Candie exclaimed. "Cool place."
"WHAT?"
Jay shrieked. Candie blinked and looked around. Jay blinked desperately, and
repeated it again, this time making it sound more like a bird's squawk.
The
horse hadn't even stopped yet, but she jumped down - and landed hard.
Legolas
stopped the horse abruptly. "Are you OK? Are you hurt?" he cried.

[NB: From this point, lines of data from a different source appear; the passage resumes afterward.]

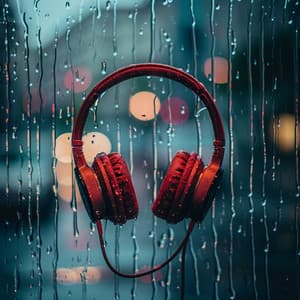 Lofi Hip Hop Glimmer: Mellow Tones - Sensual Touching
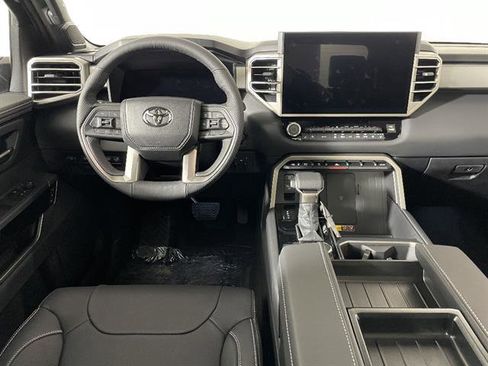 New 2026 Toyota Tundra Limited AWD/4WD image 13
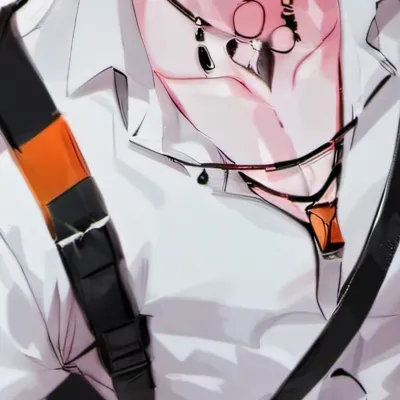 chat with ai character: Jack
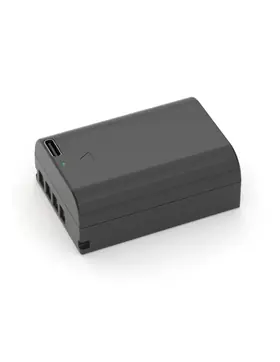 Akumulator Mathorn MB-242 Ultimate 2400mAh USB-C zamiennik BLX-1 [-SANSA]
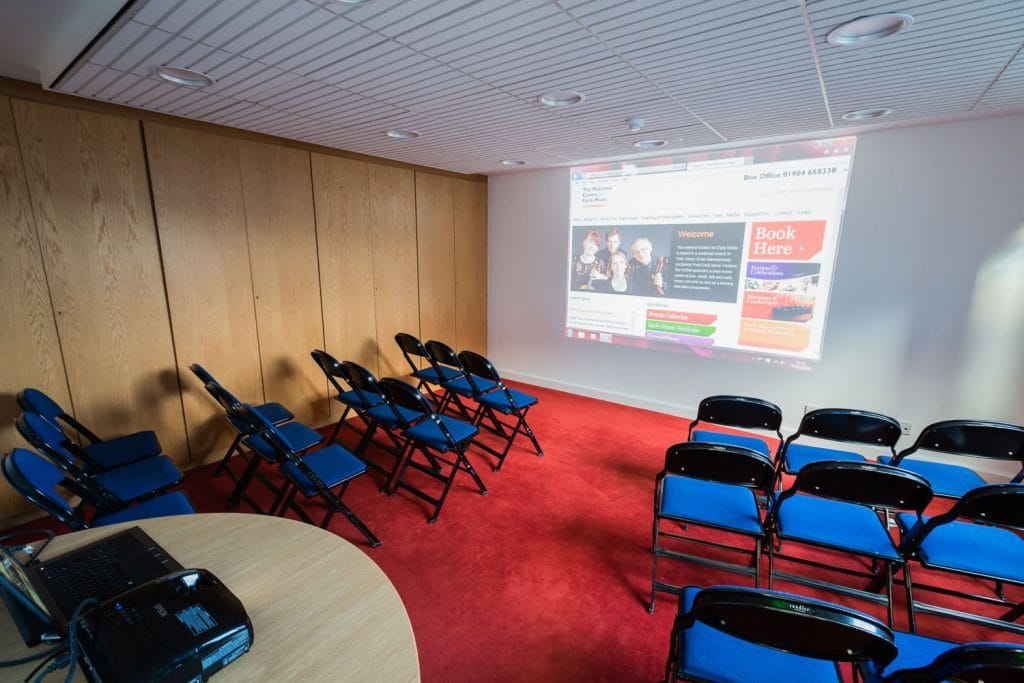 Photo of The National Centre For Early Music
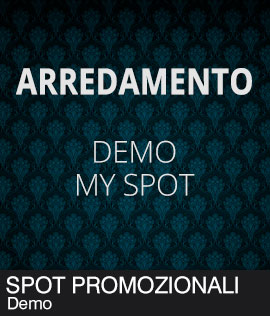 My Spot Arredamento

Candie laughed out loud. She was so used to falling from her skateboard while
trying dangerous tricks that this was nothing next to it. "I'm fine,
man," she said. She threw down all her stuff, grabbed her skate and ran to
the rail that separated the firm land from the river.
"Where
were they before?" Rhus wondered for a moment, before shrugging and
putting it down to badfic geography. Suddenly there came a rumbling in the
background.
[Author's
note: I'm not sure it was a river. I just remember there was that water in
Rivendell.. You see it in the movie.]
The
deafening noise of the words rang in their ears. "AAAAAAARGH!" Jay
cried, throwing herself to the ground. Rhus joined her after a moment. For some
reason it was better nearer to the river.
"STUPID
STUPID STUPID STUPID!" Jay started to beat her head on the ground. Then
she remembered what Legolas had said: "you have no business being in my
woods." She began to beat her head harder.
"They
were in Mirkwood, weren't they?" Rhus groaned, remembering.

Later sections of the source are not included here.